*** Opening DATA SUPPLIED ***

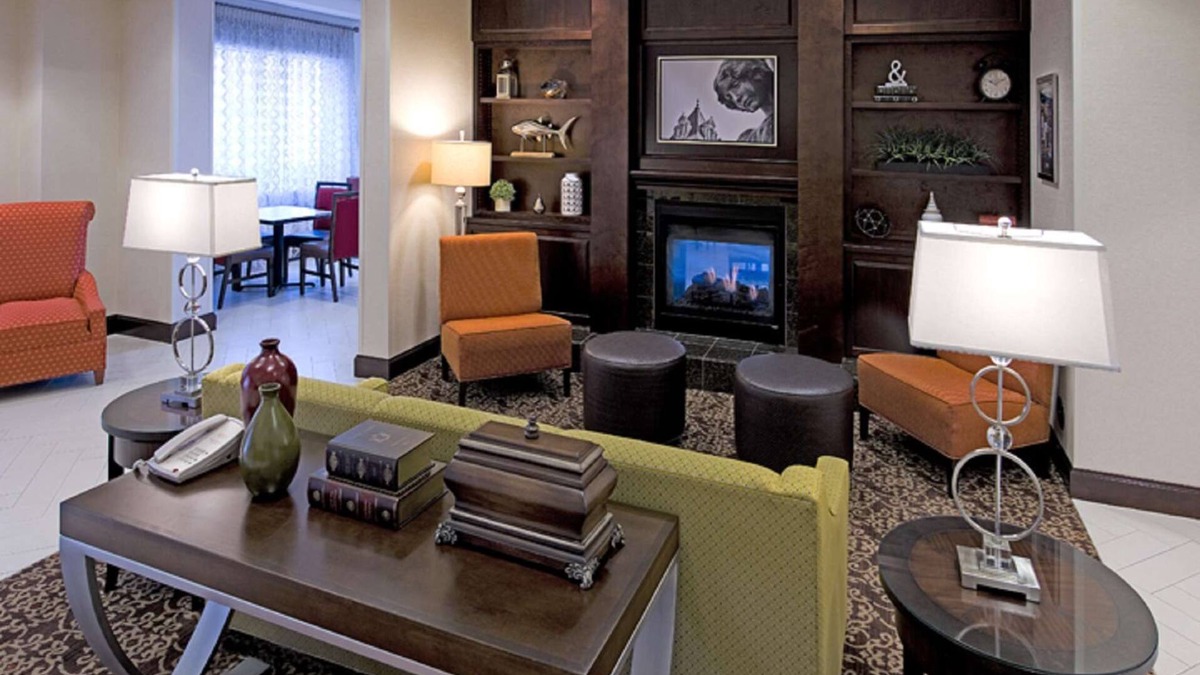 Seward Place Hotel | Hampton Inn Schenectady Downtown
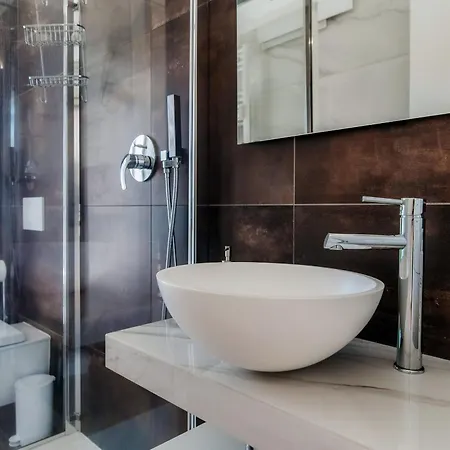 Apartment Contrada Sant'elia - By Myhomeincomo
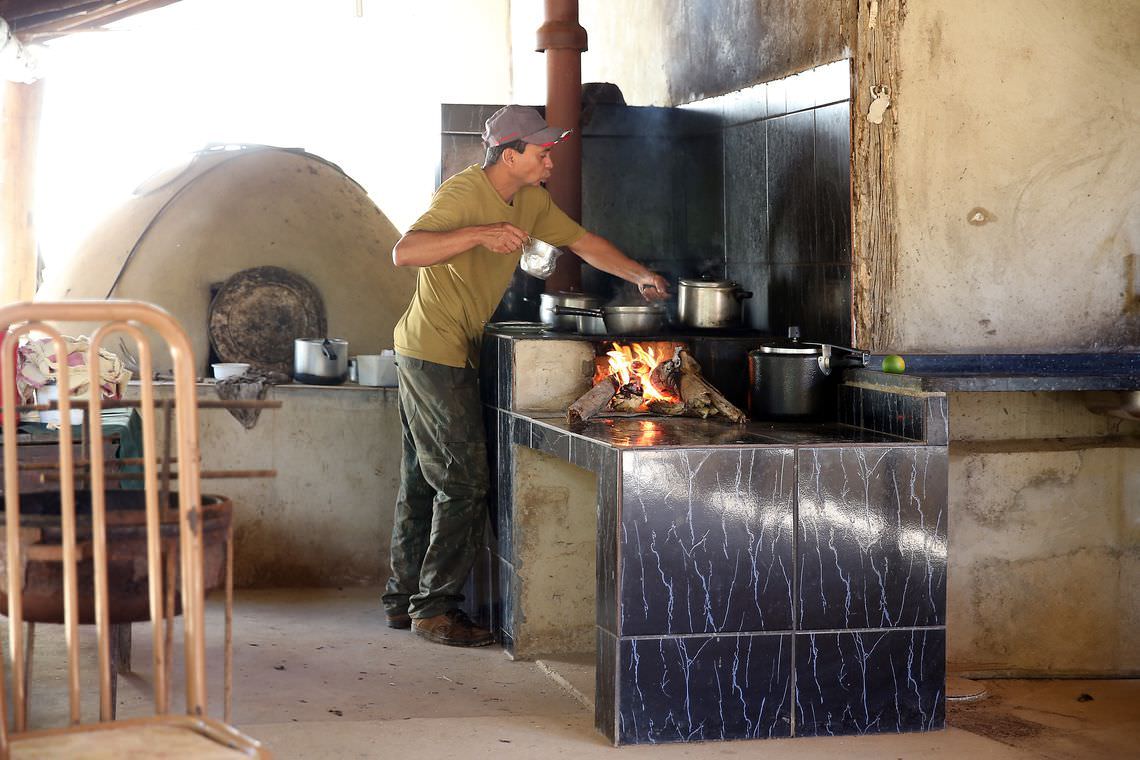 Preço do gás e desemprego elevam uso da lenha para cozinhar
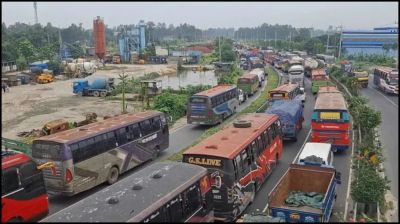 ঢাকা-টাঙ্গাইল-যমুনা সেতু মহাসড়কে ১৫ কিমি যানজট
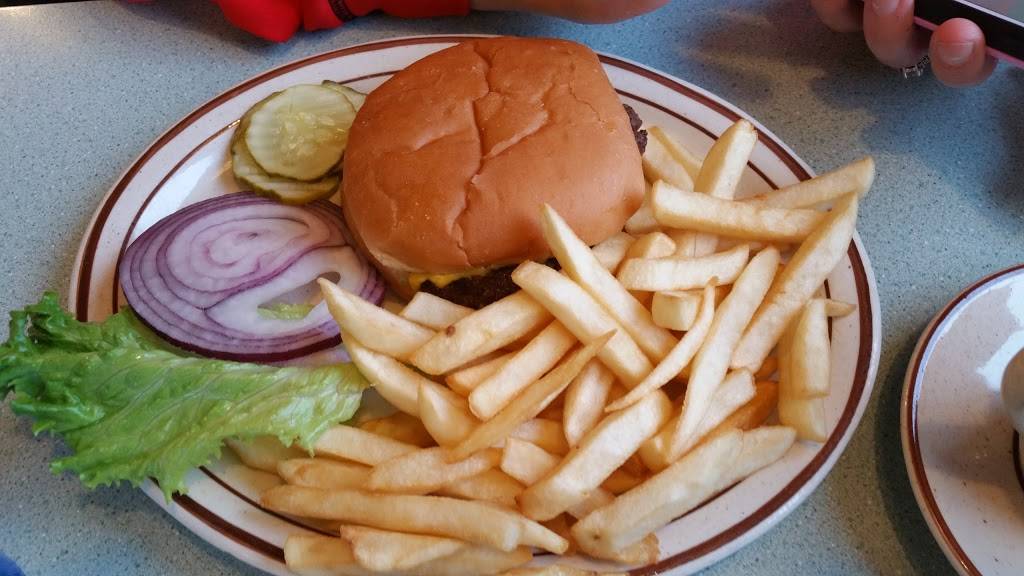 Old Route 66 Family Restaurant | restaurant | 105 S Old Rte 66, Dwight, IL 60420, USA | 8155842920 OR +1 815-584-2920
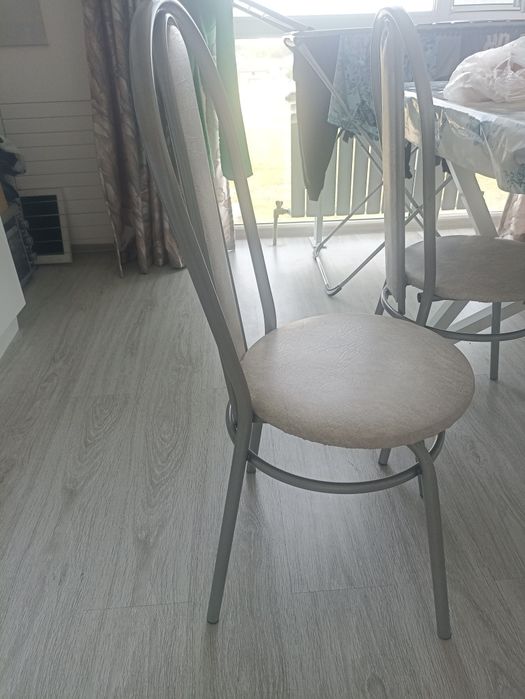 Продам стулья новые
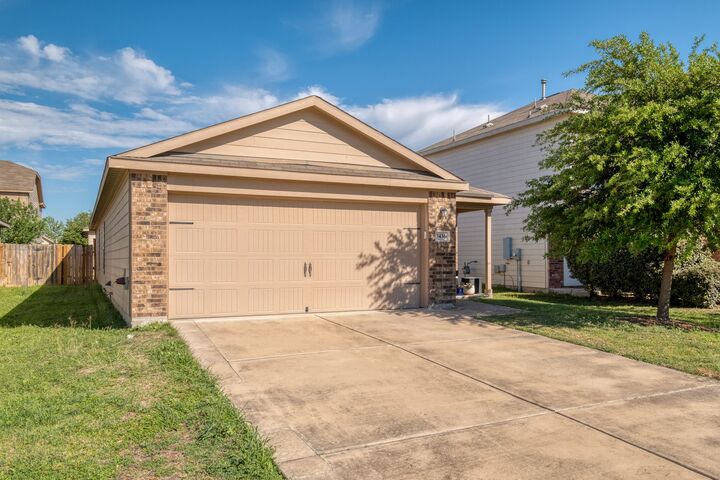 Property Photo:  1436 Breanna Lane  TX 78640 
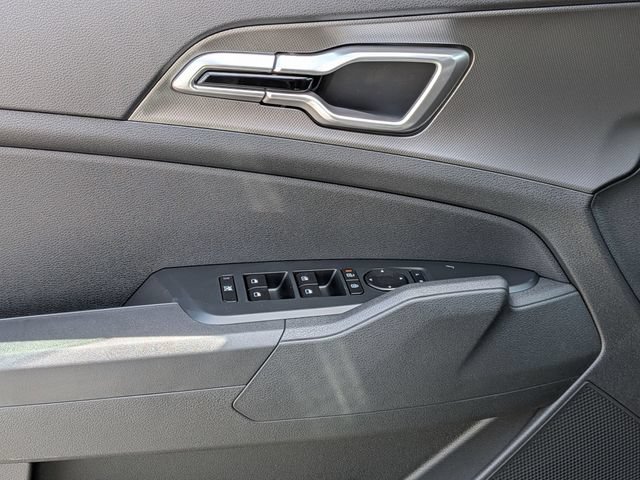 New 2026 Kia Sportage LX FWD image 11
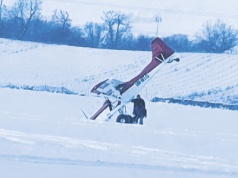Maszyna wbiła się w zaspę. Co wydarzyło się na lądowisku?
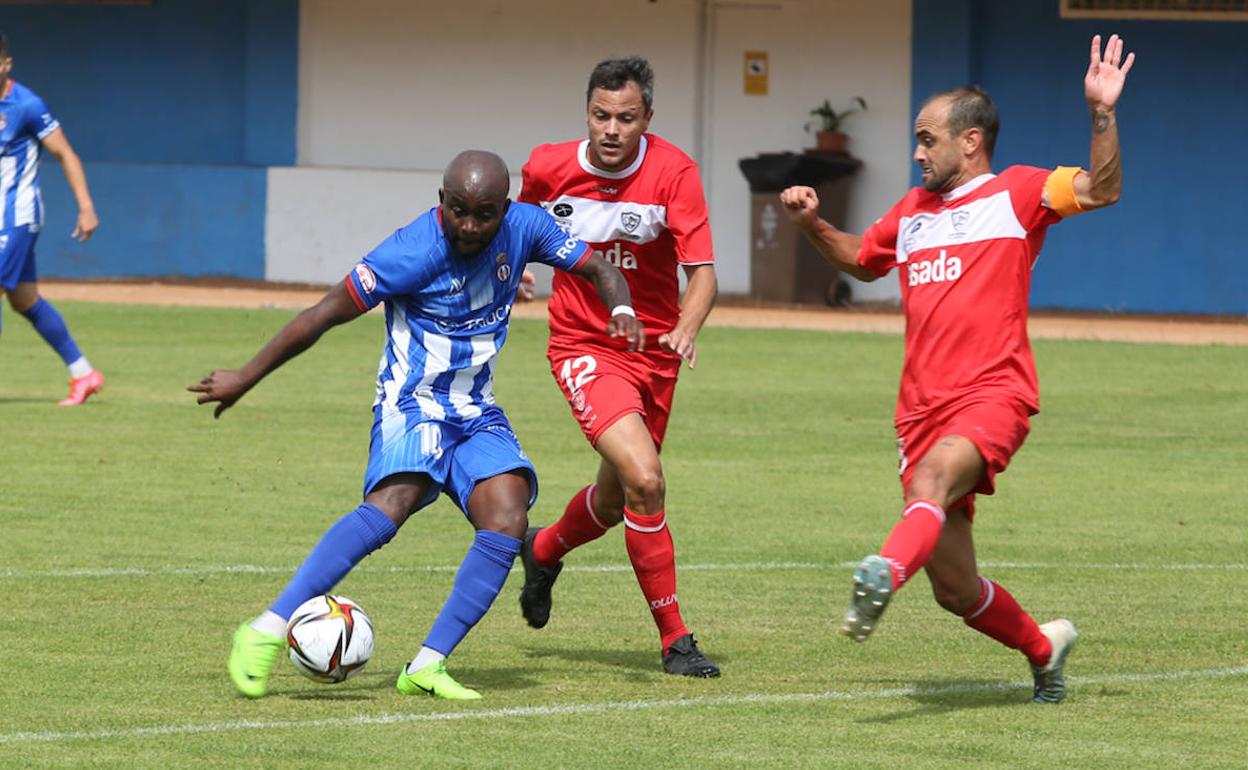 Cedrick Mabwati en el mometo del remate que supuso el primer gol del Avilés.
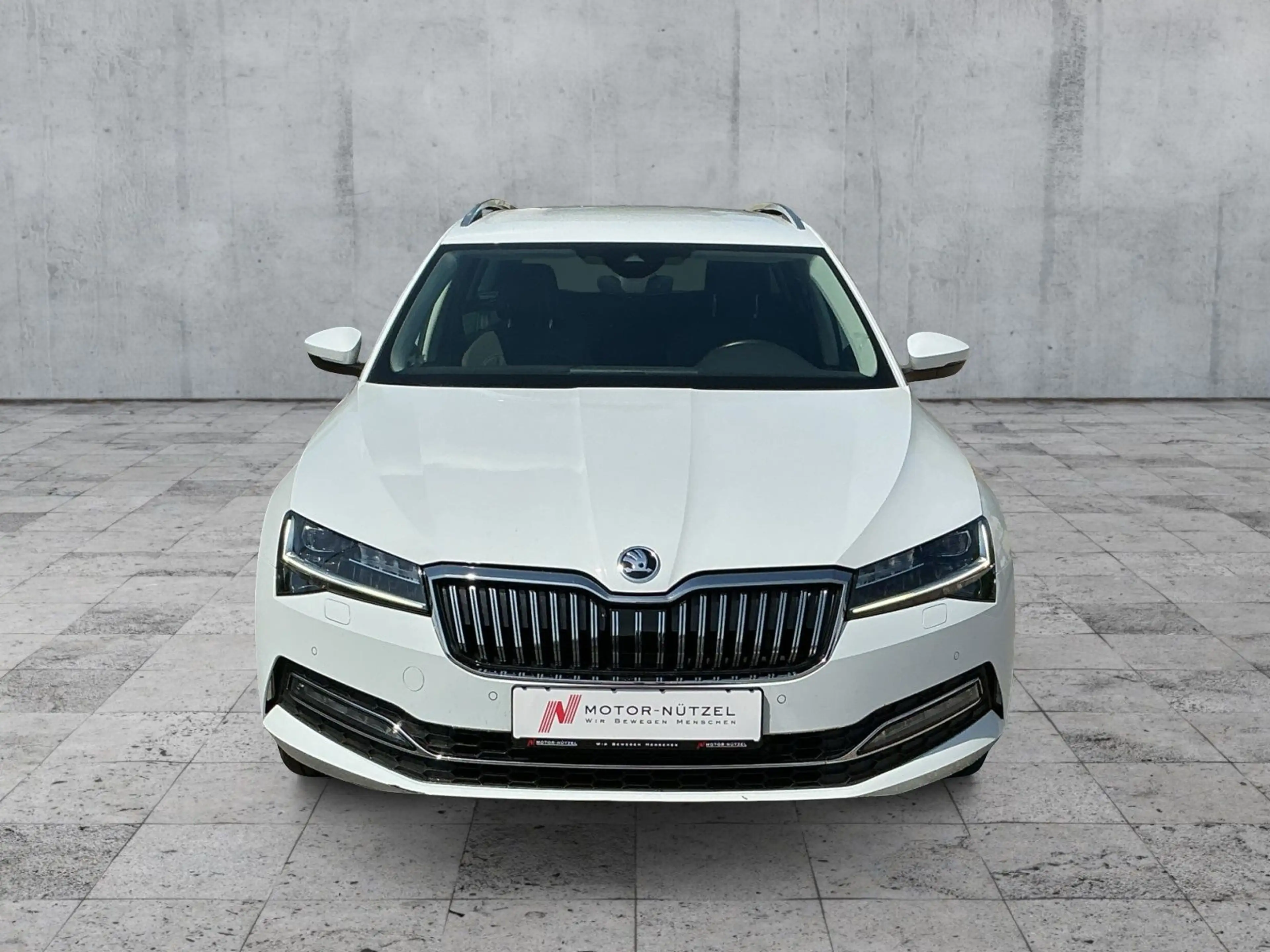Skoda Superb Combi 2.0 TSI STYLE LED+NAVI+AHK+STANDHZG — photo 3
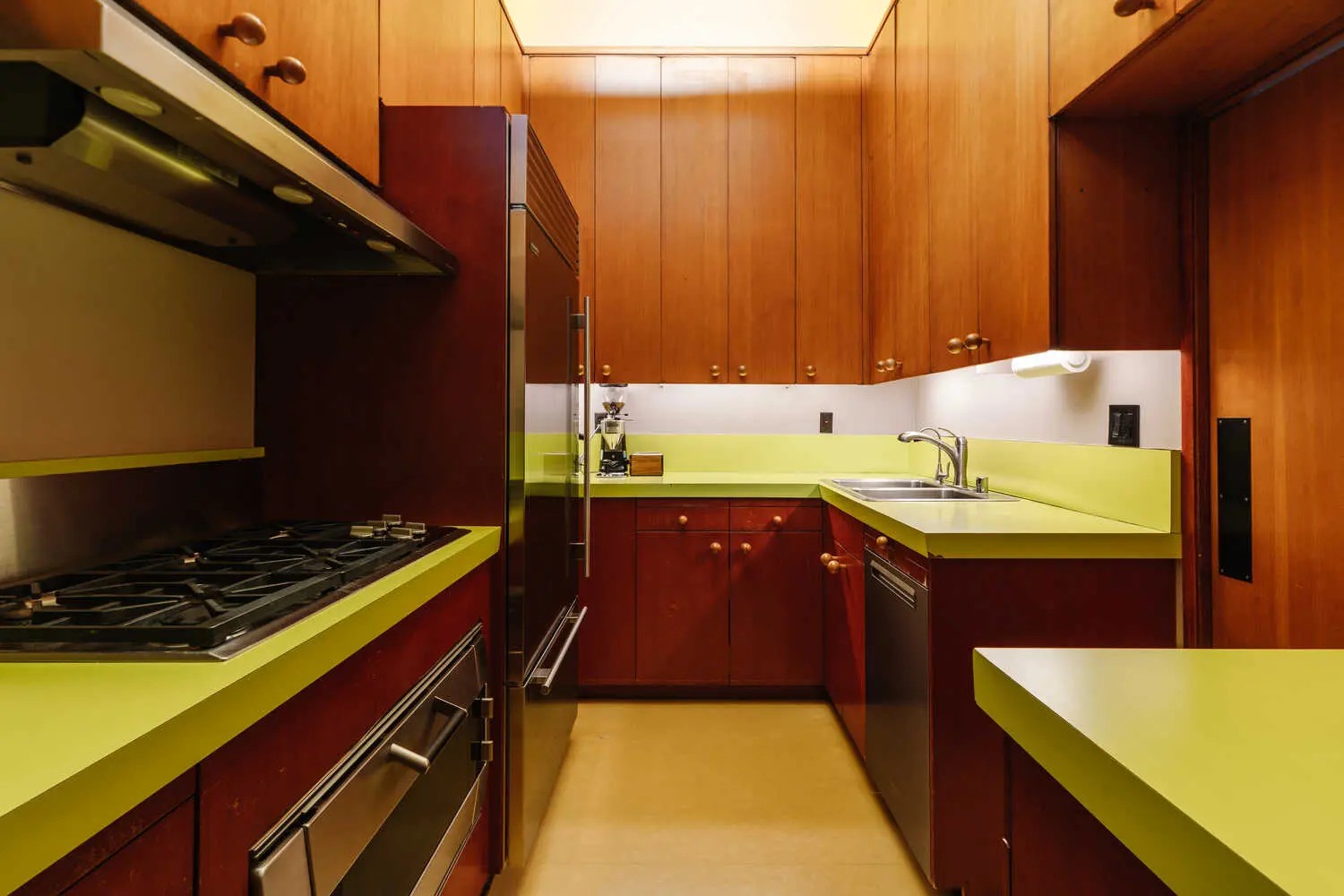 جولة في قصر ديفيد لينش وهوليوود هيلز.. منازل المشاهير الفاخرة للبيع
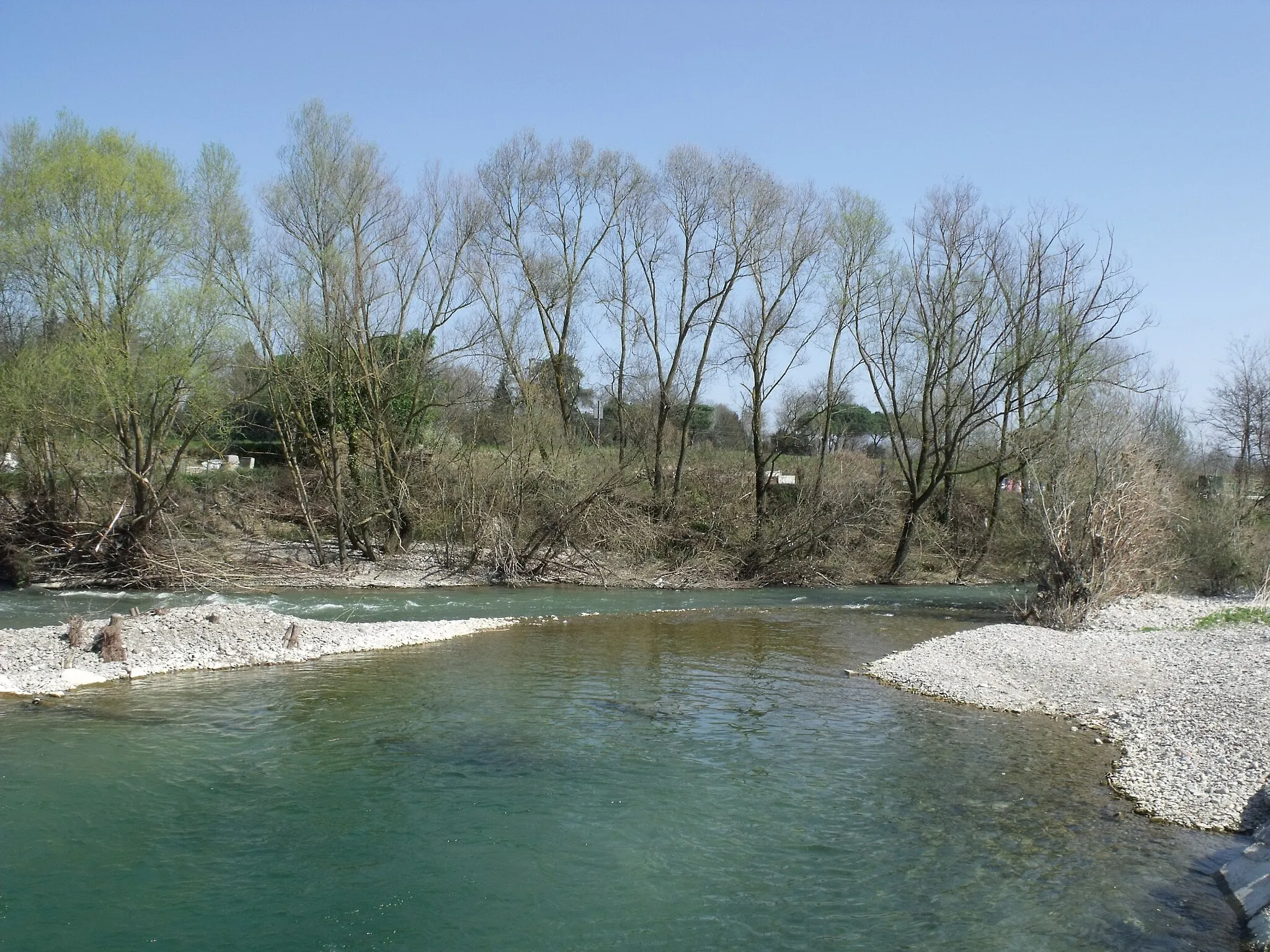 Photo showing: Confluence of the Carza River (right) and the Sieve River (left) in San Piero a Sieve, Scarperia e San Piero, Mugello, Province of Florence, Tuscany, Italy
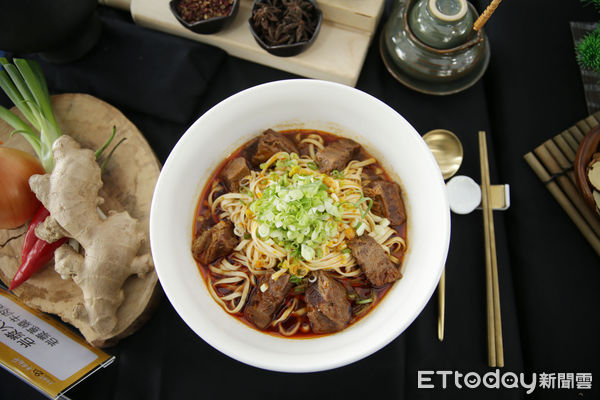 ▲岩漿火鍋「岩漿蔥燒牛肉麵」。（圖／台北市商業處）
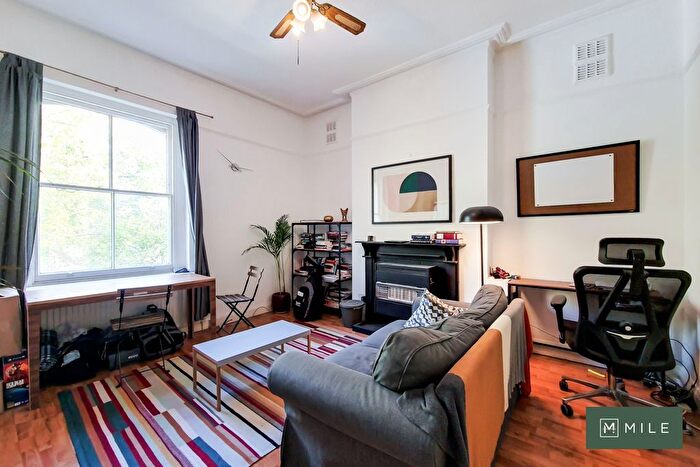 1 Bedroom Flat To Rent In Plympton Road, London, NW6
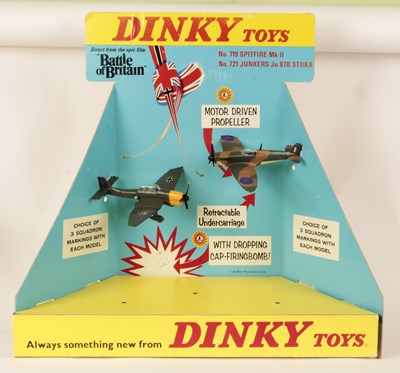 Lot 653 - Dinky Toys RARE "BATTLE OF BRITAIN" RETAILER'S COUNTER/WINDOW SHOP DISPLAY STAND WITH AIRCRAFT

*** Closing DATA SUPPLIED ***

** DESCRIPTION OF THE TASK **
In the answer, the lines from the one containing "جولة في قصر" to the end of the records above must be written out exactly, both ends included; the pictures must not appear.

** ANSWER SECTION **
 جولة في قصر ديفيد لينش وهوليوود هيلز.. منازل المشاهير الفاخرة للبيع
 Photo showing: Confluence of the Carza River (right) and the Sieve River (left) in San Piero a Sieve, Scarperia e San Piero, Mugello, Province of Florence, Tuscany, Italy
 ▲岩漿火鍋「岩漿蔥燒牛肉麵」。（圖／台北市商業處）
 1 Bedroom Flat To Rent In Plympton Road, London, NW6
 Lot 653 - Dinky Toys RARE "BATTLE OF BRITAIN" RETAILER'S COUNTER/WINDOW SHOP DISPLAY STAND WITH AIRCRAFT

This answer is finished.